Rubber gloves cover his hands and squeeze my wrists together as I am guided to the chair. Before being thrown into the chair I am able to hit the table causing one of the knives to land into the chair cushion. Screaming and shouting I know there is no way of escape. Holding me down duct tape is slapped onto my mouth leaving air to circulate my body through breathing from my nose, while the scent of bleach fumes enters with the air. Sitting in the chair now noiseless he wraps my arms around my back using the strands of gray tape. My shoulder blades cramp for being held in a position of uncomfortableness. After the duct tape is able to hold the rest of my body into the chair, he turns his back working away at the table.
    “Tell me about yourself, Phoebe. Sarah spoke of you often.” His words sounded genuine and soft. I could hear the sound of mixing as he held up the syringe. “But we all know you’re not okay. You must hate yourself for lying about the accident.” His tone changes. Ripping the tape from my mouth I feel the skin tearing with it, leaving red dry marks.
    “I,” my voice stopped. “I never lied about the accident… It was true… I was 15 then. Sarah knew it was true. She believed me.” The words came and went. The knife fumbles around in my fingertips, cutting slits until I can get a firm grasp. The tension on my wrists lessens as each strike was made against the tape. “Oh, how much I miss her.”
    “You’ll be with her soon.” He turns toward me the the syringe full in his right hand. The liquid in the bottle on the table has dropped in amount. “This will not hurt you. You’re just going to sleep for a while.” His hands grab at my face pulling it to the right and placing the needle on my neck.
     My fists break from the tape, not thinking, one collides with his face, and quickly I slash my legs from the tape. He adjusts to the hit, feeling his jaw and responds by grabbing a knife from the table.
    “You don’t want to do this. You’re not strong enough. It will just make things worse for you,” he said.
    Fighting causes brutal bruises and scars. He slices across my collar reopening the stitches creating searing pain, followed by a slash on my legs. The chain of effects continue until I fall to the floor, with no energy to get up, against the wall. He has won.
    “Phoebe. We both knew I would win. The pain always wins.” Each slash he makes rips blood and flesh.

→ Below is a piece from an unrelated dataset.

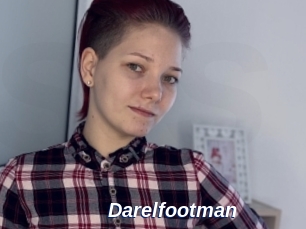 Darelfootman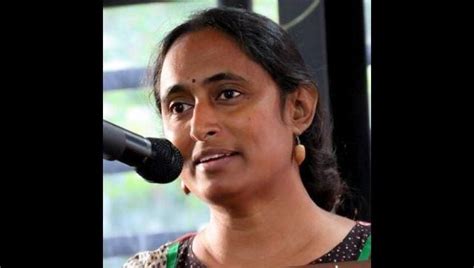 Kavita Krishnan On Her Book Fearless Freedom What Empowerment Means And Why Unlearning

    “It’s over. Just do it. Take me away.” Pain always wins.
“Phoebe stop it.” The distant familiar voice murmurs.
    “No. I can’t it hurts so much. Let me finish.” I respond closing my eyes. When they reopen I am found on the floor in the bathroom crowded by people and the smell of old cleaning chemicals linger in my throat.
    “I am so sorry, doctor. I only turned my head for half a second.” The nurse who escorted me to the bathroom responds to the man I have my meetings with.
    The shard falls from my hands, bouncing down to the floor, splattering the blood drops across the tiles. My scars are open, and the blood drips from my body.
    “Someone get the stabilizers. She went there again.” A nurse calls.
    I look up to see the broken mirror, the overflowing sink, the hot steam from the running shower, and Sarah’s pink hair standing over me cleaning the blood.
    “He was here. I saw him. Please help me find him. Someone find him.” I pull her down next to me.
    “It is okay now, Phebes. I am here now. I will always be here.” She whispers to the man. “I think it's time to change her prescription.”
    “Help me.” The tears fall down my cheeks, while the black stitches are sewn on to heal my collar. “Please.” I look up to see the opened pill cap on the floor, and the bottle on the ledge of the sink, surrounded by tiny shards.